Prediction markets boom as Jane Street and Wintermute expand desks
Major trading firms are moving deeper into prediction markets, building liquidity “desks” for event contracts as volumes accelerate.
The article says event-contract trading has topped $60B in 2026 and that platforms processed over $20B in monthly volume by early 2026. Wintermute alone is cited as handling more than $3.5T in annual trading volume across asset classes, and it is now committing to two-sided liquidity on venues including Polymarket and Kalshi. Wintermute is also using its algorithmic market-making stack to price event contracts with tight spreads.

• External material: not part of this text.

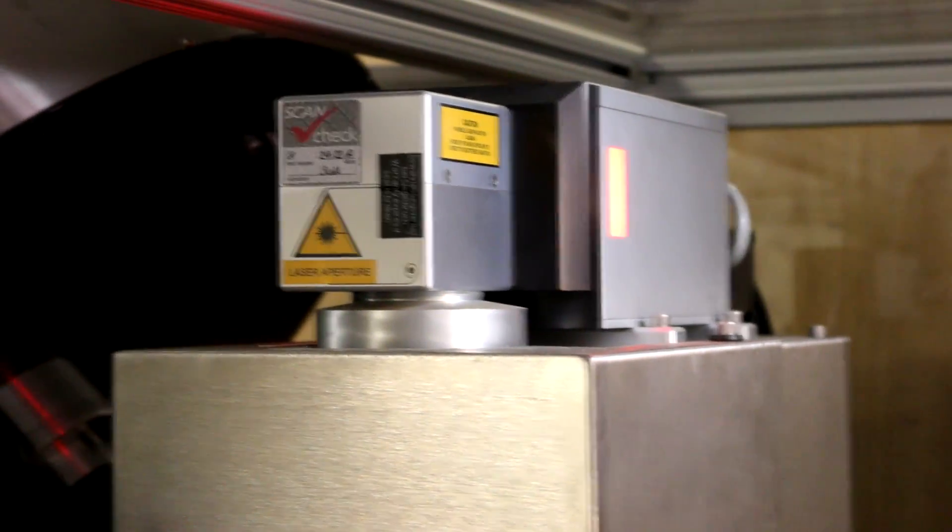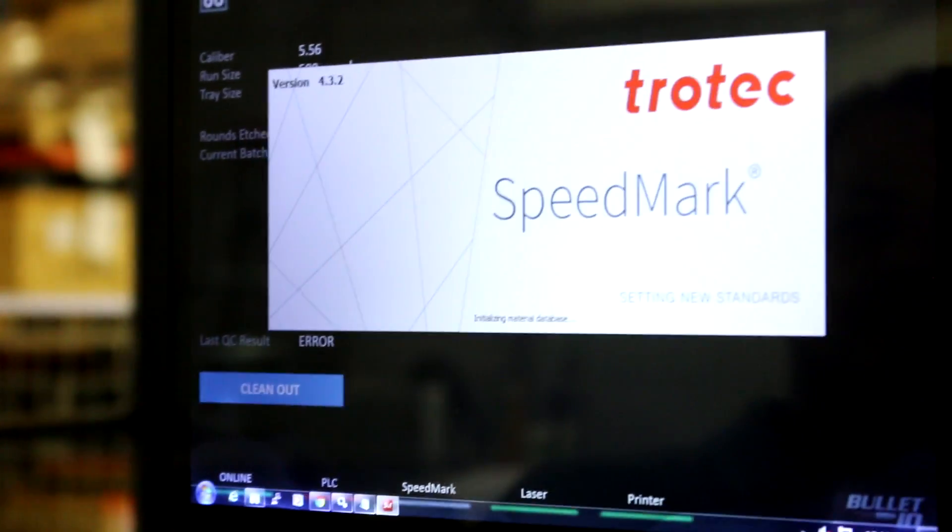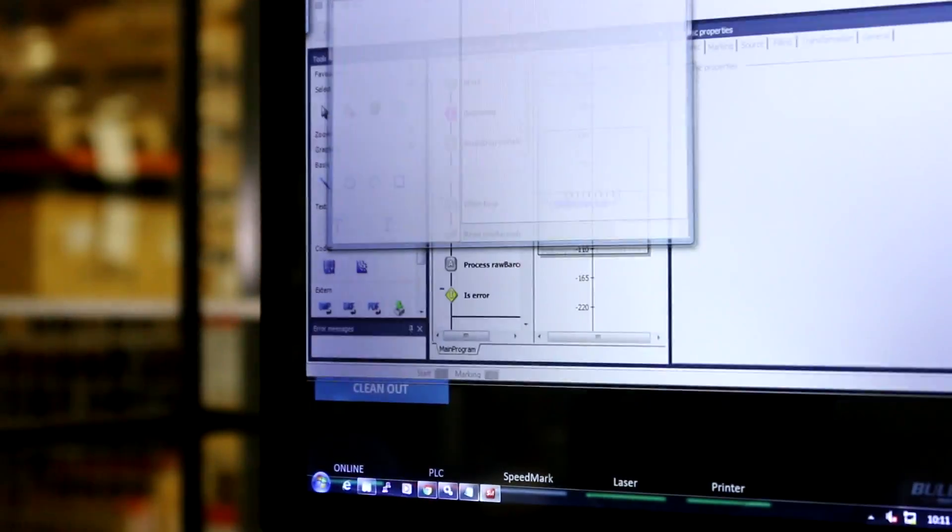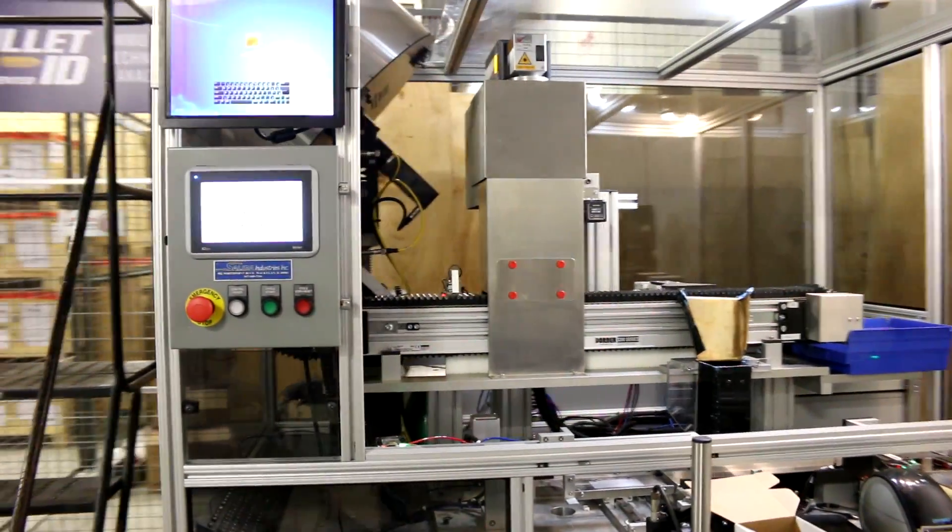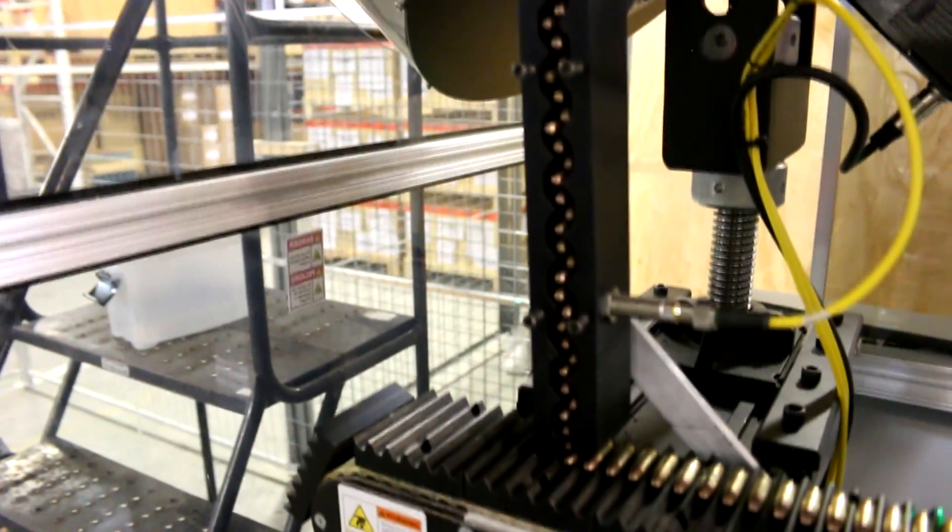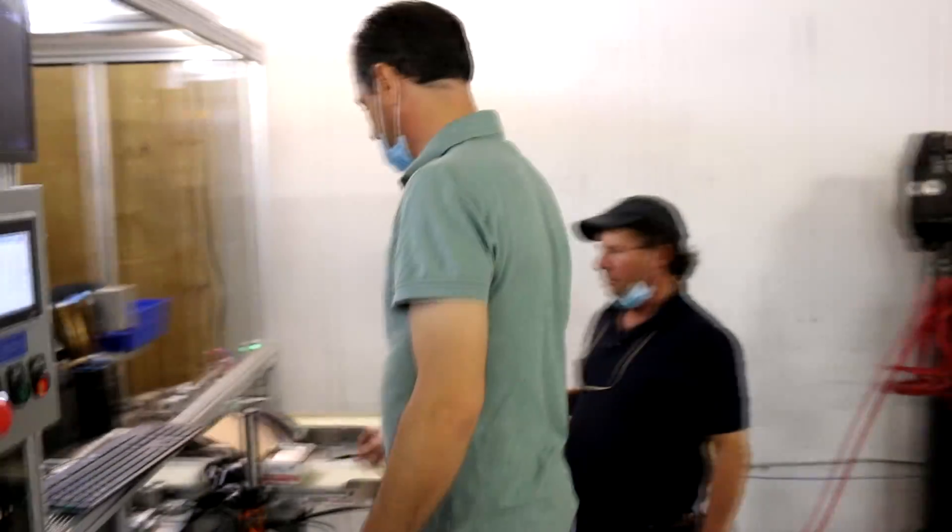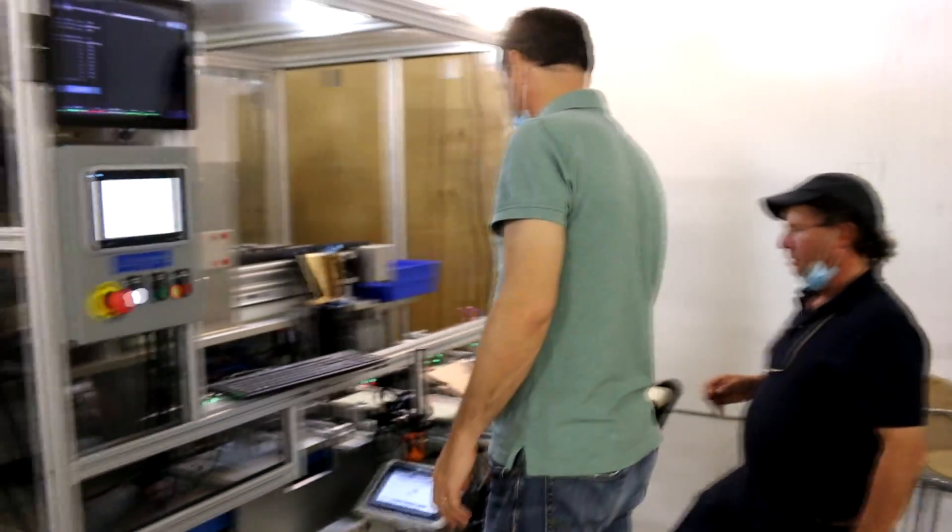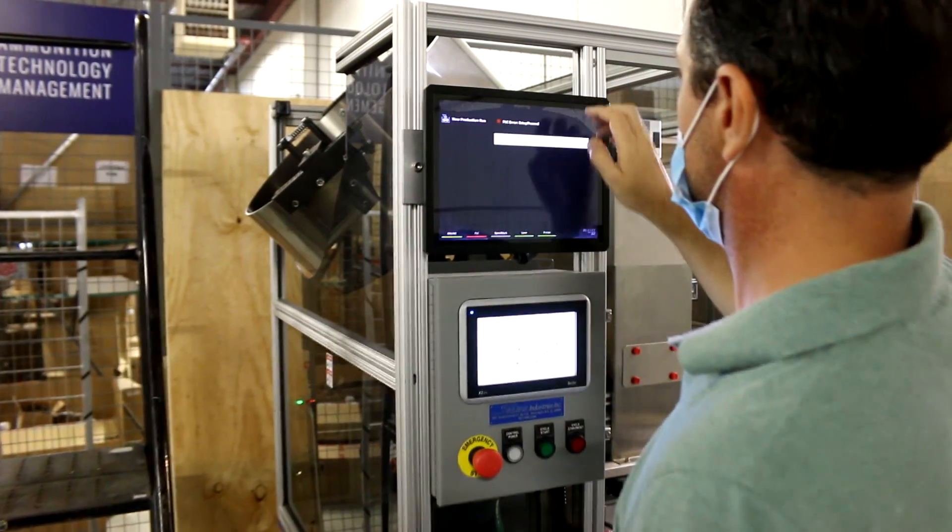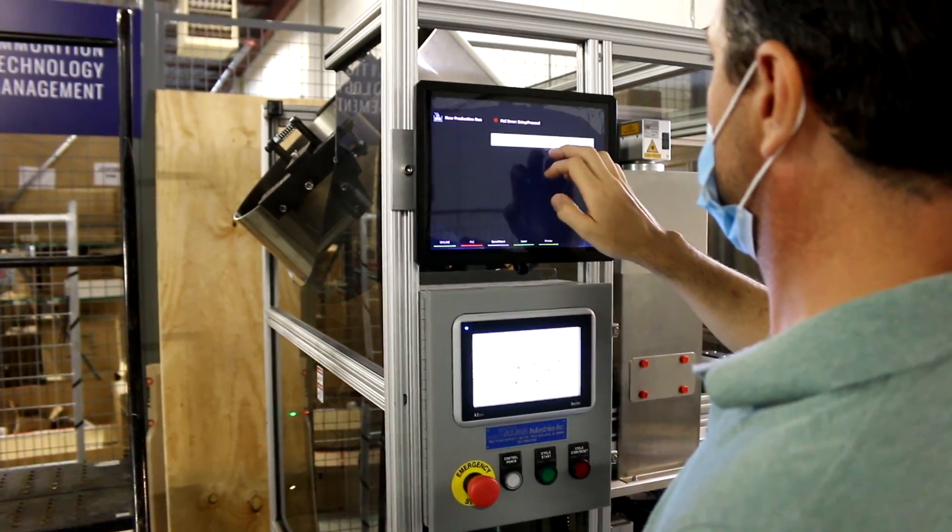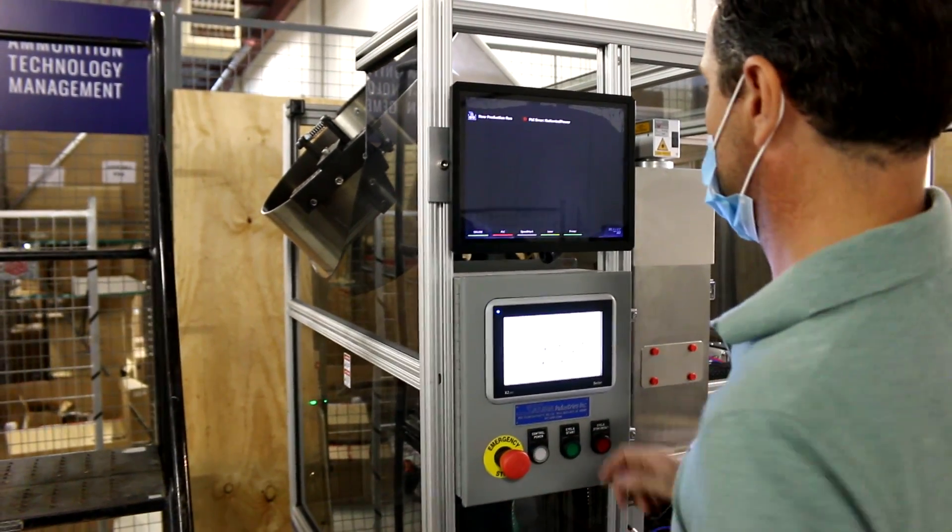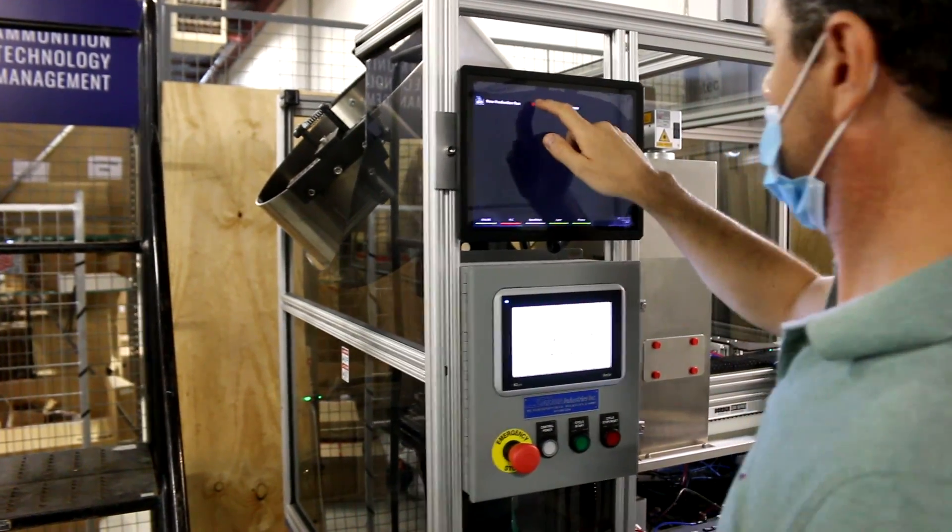We've shown the technology to over 300,000 law enforcement and military all over the world and we've produced this machine which automatically laser etches thousands of bullets per hour on a daily basis. Eventually all ammunition in the world will have a serial number on it and we'll be able to trace where the bullet came from, who owns the bullet with the complete GPS tracking system.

Other quantitative market makers—Jane Street, DRW, and IMC—are also expanding. Each is building dedicated trading desks focused on prediction markets, with the broader industry hiring specialists to run these desks.
Galaxy Digital launched an over-the-counter institutional prediction market desk on June 2, 2026, starting with a reported $10M Kalshi trade. Even so, institutional participation is estimated to remain under 5% in 2026, implying room for growth if infrastructure investments translate into sustained adoption.
Why it matters for traders: better liquidity should tighten spreads and reduce trading costs. It can also improve price efficiency by reducing mispricings, potentially strengthening market stability. Over time, prediction markets may gain credibility as a complement to traditional hedging and portfolio strategies—especially because event contracts can hedge risks like regulatory or geopolitical outcomes that standard futures may not cover.
Bullish
The entry/expansion of major quantitative market makers into prediction markets is typically bullish for market quality. When firms like Jane Street and Wintermute add dedicated liquidity desks, traders usually see tighter spreads and more reliable execution—similar to how professional market-making improved liquidity in crypto exchanges and derivatives when larger trading firms scaled presence.
Short term, the announcement may increase attention and activity in event-contract markets, improving depth and reducing cost of trading. Volatility could remain event-driven (prices still depend on outcomes), but execution quality should improve.
Long term, if institutional participation moves from <5% toward higher levels, prediction markets could become more integrated with portfolio hedging and risk management. That can attract sustained capital and improve price discovery across correlated macro/geopolitical narratives, supporting stability and potentially lowering systemic “thin liquidity” risks. Key watch-items: whether spreads stay tight, whether infrastructure attracts consistent institutional volume, and how platforms handle settlement/outcome resolution—these determine whether credibility gains persist.